Recién había cumplido los ocho años. Su rostro se iluminó y sonrió porque a esas alturas iba muy avanzada.

“Cuando mi abuela me quiso enseñar a pasar la masa en el metate, ya la sabía pasar; y cuando me dijo cómo se echaban las tortillas, ya las sabía hacer”, cuenta hinchada de placer.

Conoció muchas de las recetas ancestrales y supo que para cada ocasión había una comida distinta. El mejor platillo de “monte” era una sopa de flor de izote; para honrar a las “milpas” nada como quelites en chilpozontle; y para degustar un plato de “patio”, una gallina en caldo ranchero.

Aprendió que lo mejor de la cocina “mestiza” era un chileajo de conejo; y para los rituales, como de Todos los Santos, un mole con arroz y tamales de hoja de plátano; para ofrendar a los dioses un tepache de maíz y figuras de chocolate, así como armadillo o conejo ahumado.

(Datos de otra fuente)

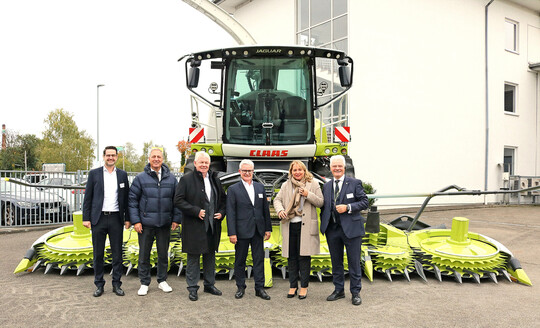 Gemeinsam vor einem Feldhäcksler: Über die gelungene Einweihungsfeier freuen sich mit COO Thomas Spiering (links) und Standortleiter Ulrich Nickol die beiden Landtagsabgeordneten Klaus Burger (r.) und Christoph Höh (3. v. l.) sowie der Saulgauer Bürgermeister Raphael Osmakowski-Miller (2. v. l.) und Isabel Kling, Ministerialdirektorin im MLR.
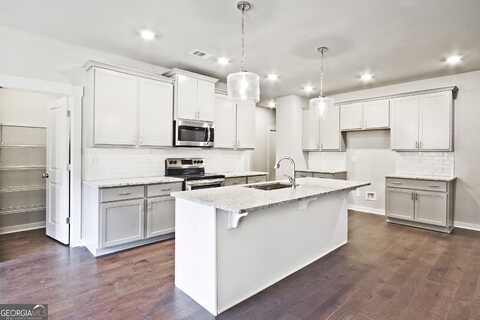 4063 Links, Jefferson, GA 30549
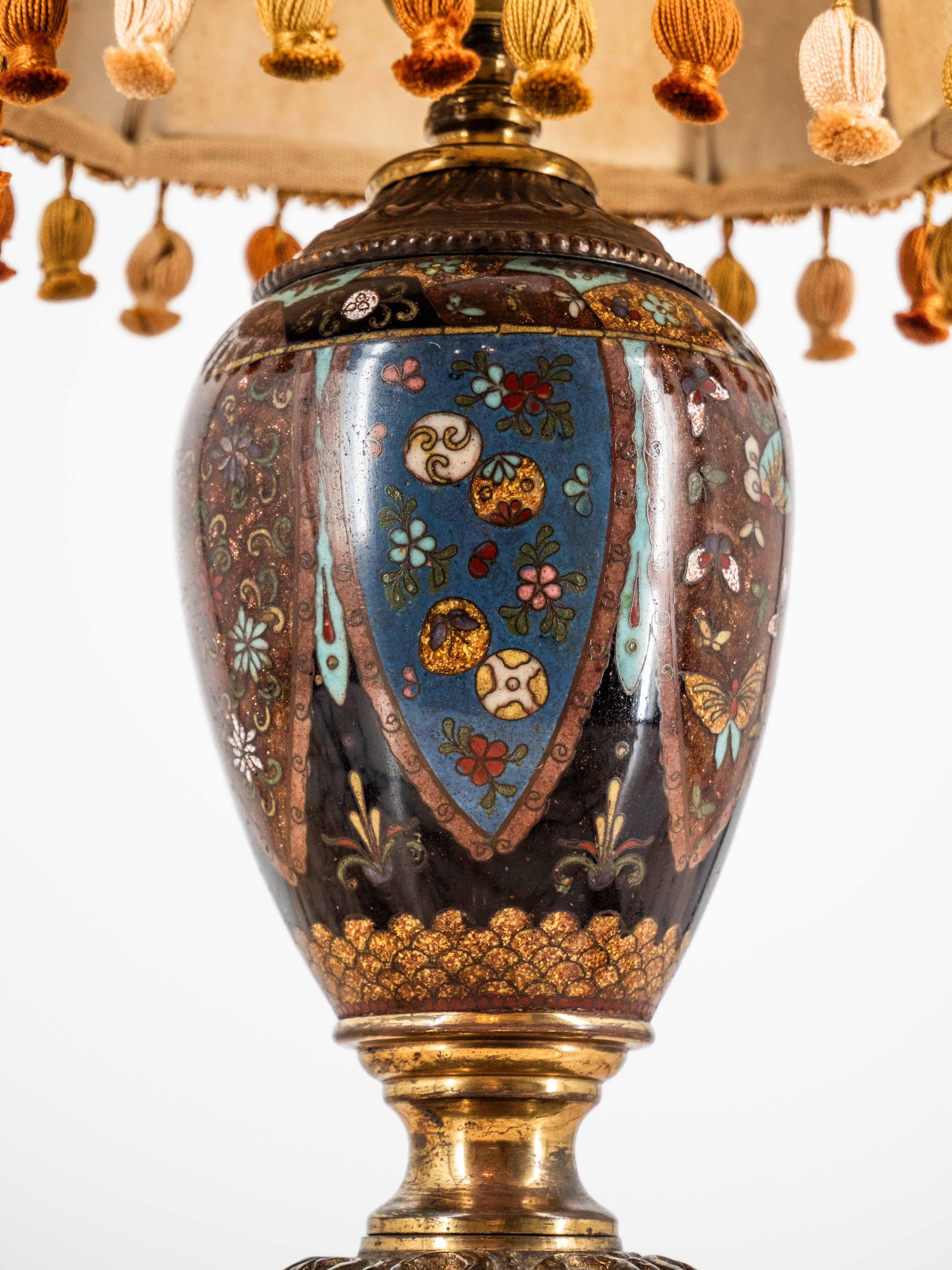 Antique Chinese Cloisonne table lamp In Good Condition For Sale In STRAČOV, CZ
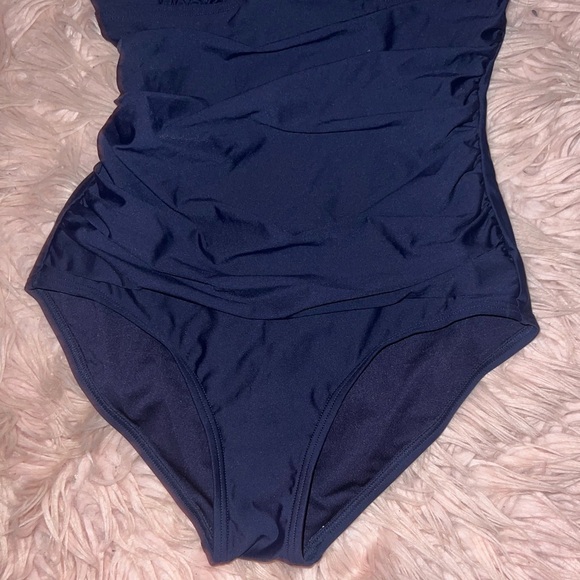 DKNY Swimsuit- One Piece Navy Blue Ruffle Plunge Tummy Control - Picture 5 of 6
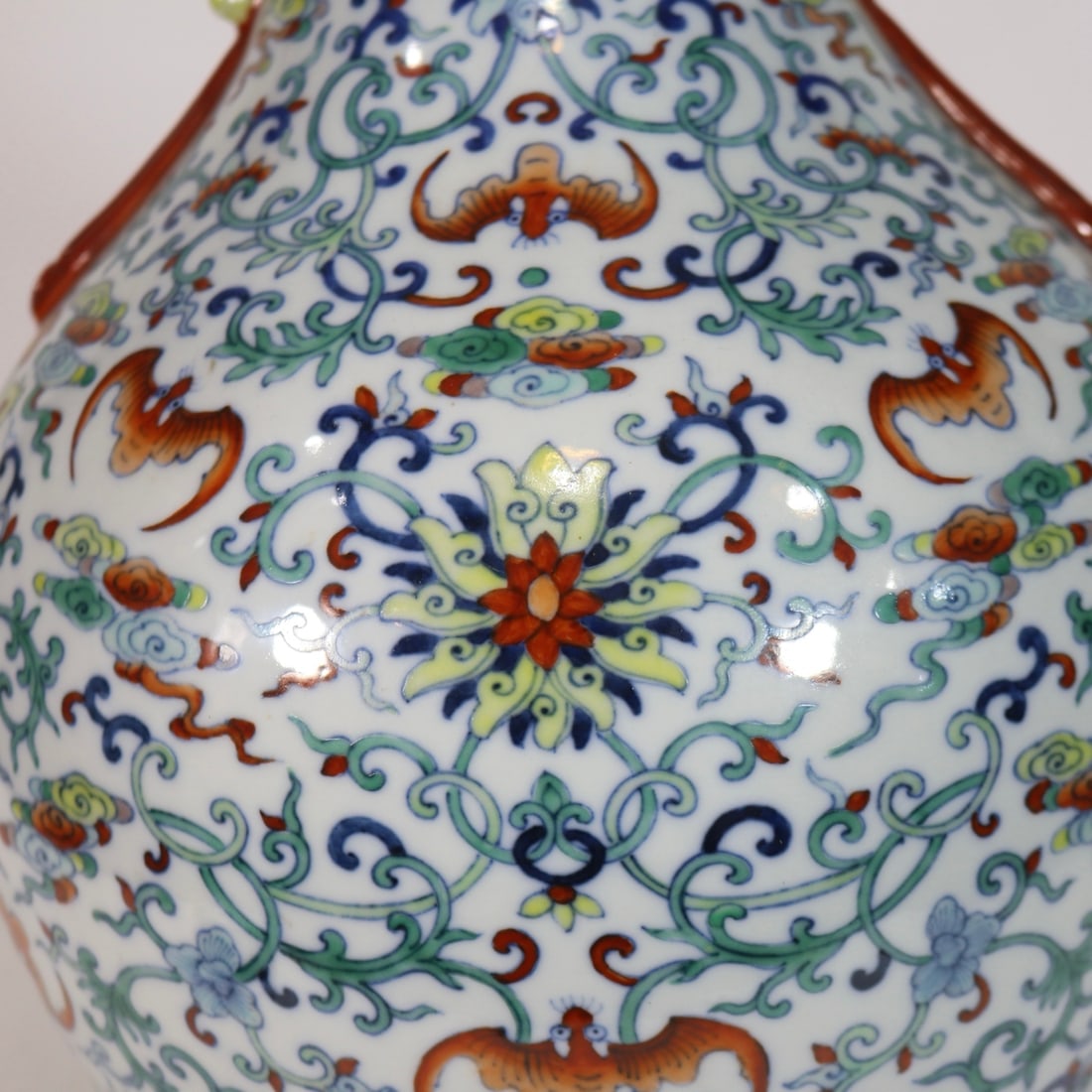 An Exquisite Doucai Lotus Pattern Double-Ears Vase - 7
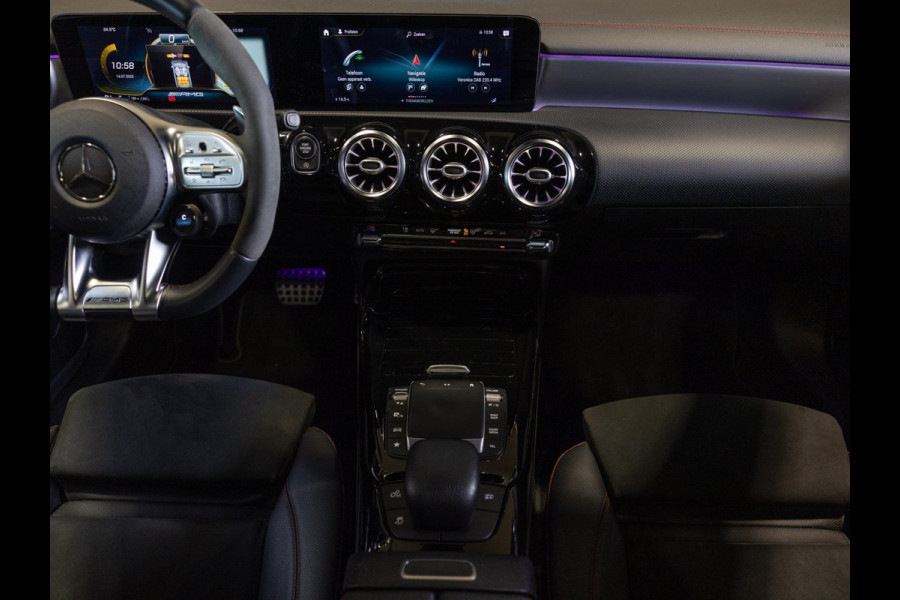 Mercedes-Benz CLA-Klasse Shooting Brake AMG 45 S 4MATIC+ Premium Plus / 422pk / Panorama dak / Burmester / Rondom zicht camera / Mercedes-Benz CLA-Klasse Shooting Brake AMG 45 S 4MATIC+ Premium Plus / 422pk / Panorama dak / Burmester / Rondom zicht camera /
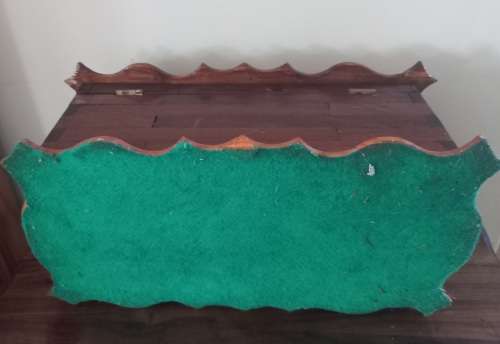 OLD JEWELERY BOX MADE OF SIOLID WOOD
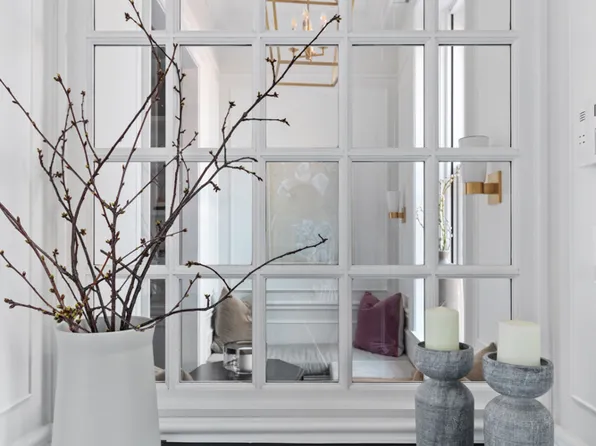 10 Bank Street image 1 of 30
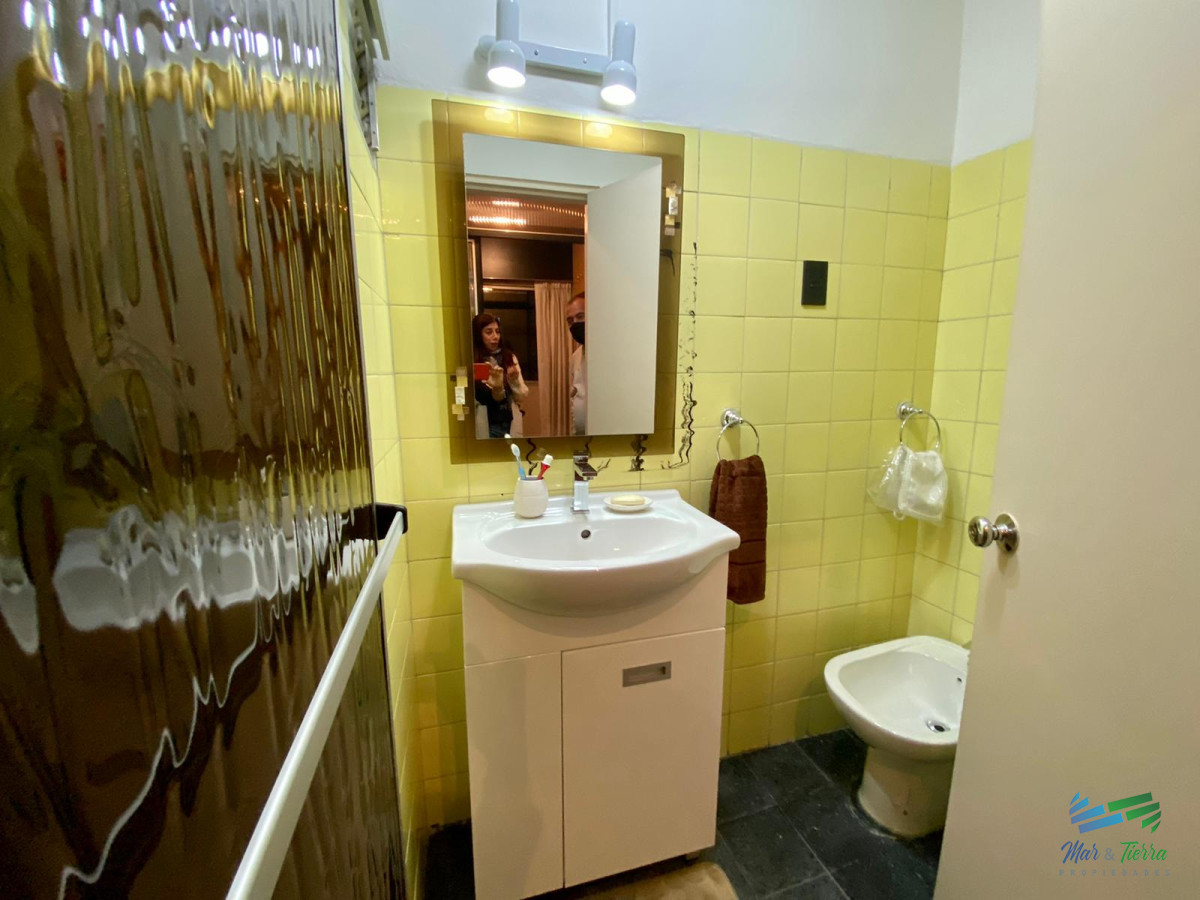 Apartamento ID.3300 - Vendo apartamento, estudio, oficina, 1 dormitorio piso alto, centro de Montevideo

Supo que para la dualidad, el nacimiento y la muerte, debería preparar cosas distintas: para honrar a un difunto, los exquisitos tamales de huevo en hoja de plátano; y para el nacimiento de una niña, 12 tamales que representan a los meses del año y el mes en que nació la Virgen de Guadalupe; y 13 tamales para el niño, por aquello de que dio una costilla de más para que existieran las mujeres.

Hoy, parada en la zona arqueológica de El Tajín, preparando unos bocoles (tortilla gruesa de masa de maíz mezclada con manteca y rellenas de frijol negro, queso, chicharrón), recuerda cuando siendo una niña estaba sentada en las piernas de su abuela-mamá y ésta le decía: “Soy una mujer ahumada y me voy a morir, yo nací, crecí, parí a mis hijos y he hecho mi vida en esta cocina y me voy a morir en esta cocina”.

Por eso, antes de morir, Martha Soledad quiere dejar sembrada esa semilla no solamente en su familia, en sus hijos y en sus amigos, sino en generaciones completas.

“Quiero que aprendan a amar y a querer la cocina como yo lo hice un día: con miedos, con tristezas, con amor, con respeto”.